**Activity**
Please transcribe the data exactly as shown, skipping the images.

**Information shown**
= Beginning of Section =

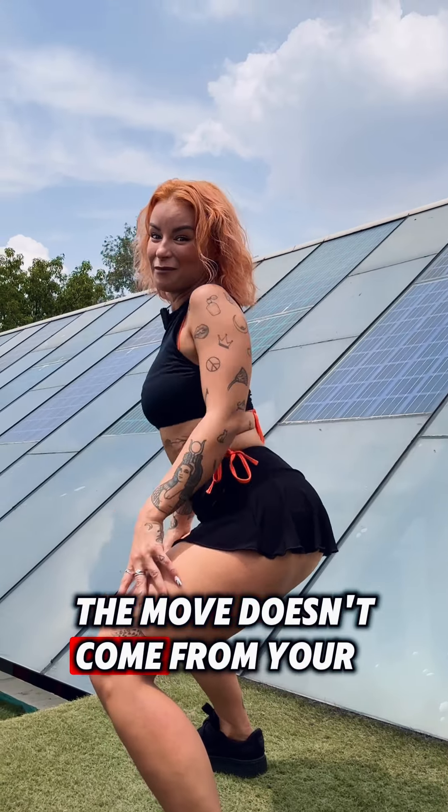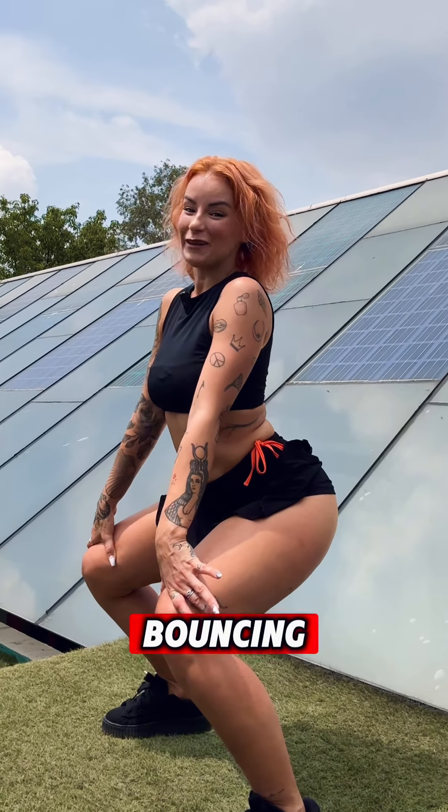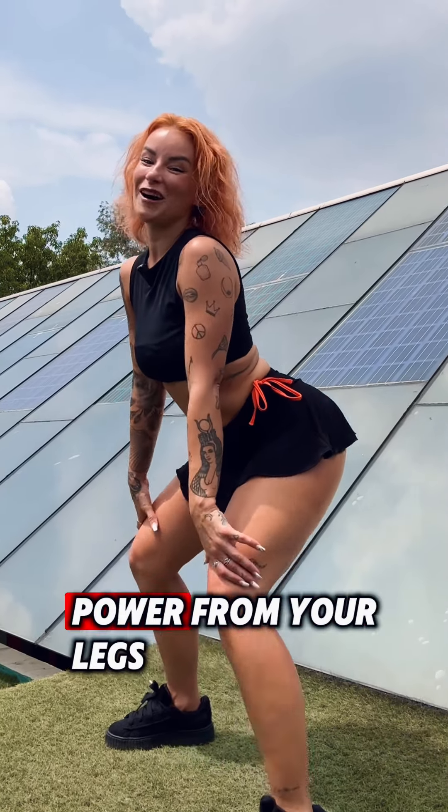Second tip: the move doesn't come from your back or from your booty muscles — it comes from your legs. Tip number three: we are always bouncing. You are using a lot of power from your legs.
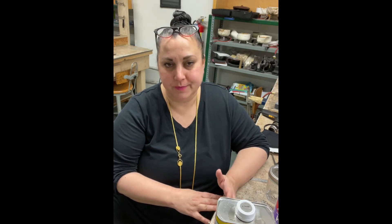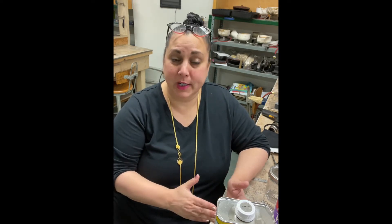Hi all, greetings from the apocalypse. So today I'm going to show you how to make something called fire coat. It has very simple ingredients and we use it in a few situations. What we're doing is we're actually creating a surface that oxygen won't penetrate.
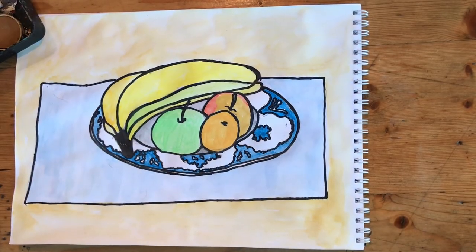Now that I have the finished piece of artwork — a still life in the style of Roy Lichtenstein. Thank you for watching.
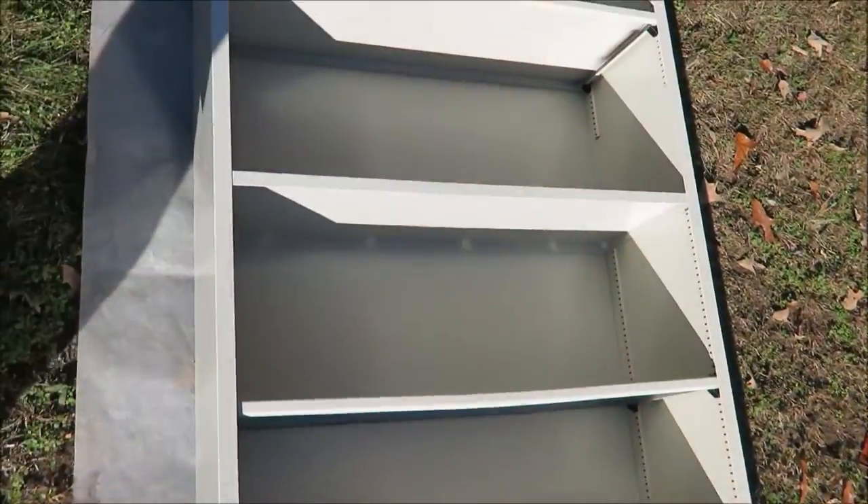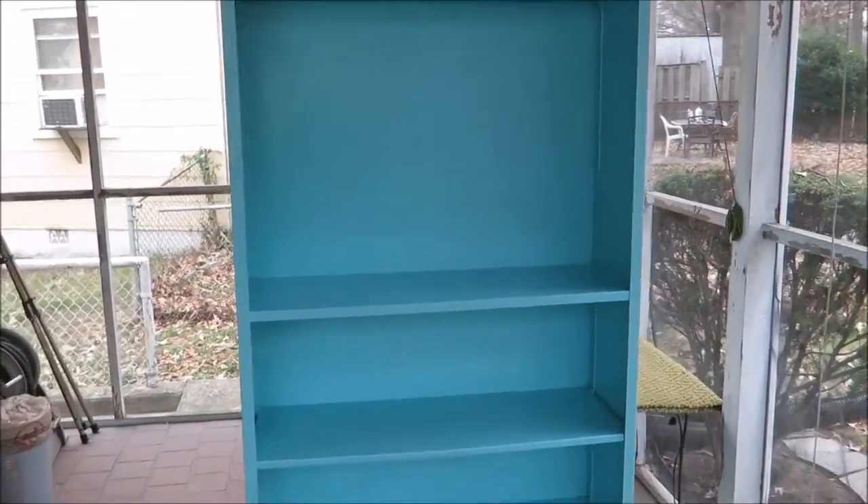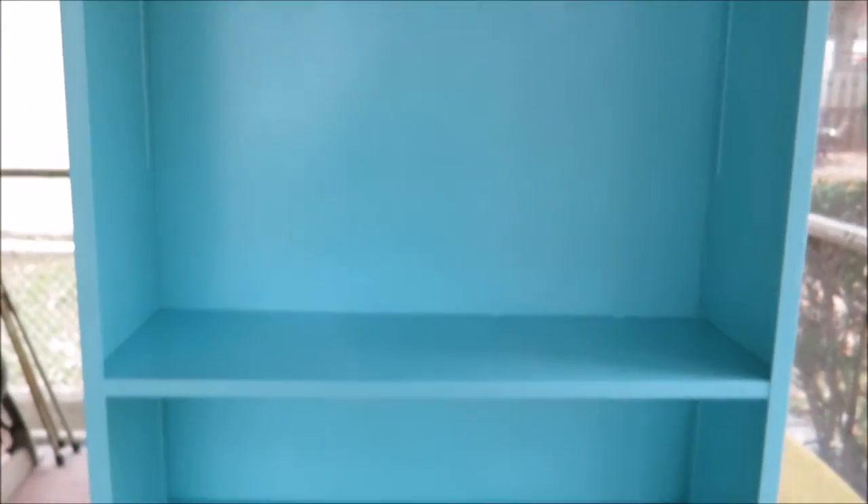Today I'm going to show you all how I went from this hunk of junk — just a plain shelf — to this beautiful hand-painted shelf that I did here. This is kind of going to be a DIY, and the reason I say 'kind of' is because I'm not a professional and I really didn't know what I was doing, but the process seemed easy enough. If you want to see the whole process and how it went down, just keep on watching and I hope you all enjoy.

= End of Section =

**Completed task**
Second tip: the move doesn't come from your back or from your booty muscles — it comes from your legs. Tip number three: we are always bouncing. You are using a lot of power from your legs.
Hi all, greetings from the apocalypse. So today I'm going to show you how to make something called fire coat. It has very simple ingredients and we use it in a few situations. What we're doing is we're actually creating a surface that oxygen won't penetrate.
Now that I have the finished piece of artwork — a still life in the style of Roy Lichtenstein. Thank you for watching.
Today I'm going to show you all how I went from this hunk of junk — just a plain shelf — to this beautiful hand-painted shelf that I did here. This is kind of going to be a DIY, and the reason I say 'kind of' is because I'm not a professional and I really didn't know what I was doing, but the process seemed easy enough. If you want to see the whole process and how it went down, just keep on watching and I hope you all enjoy.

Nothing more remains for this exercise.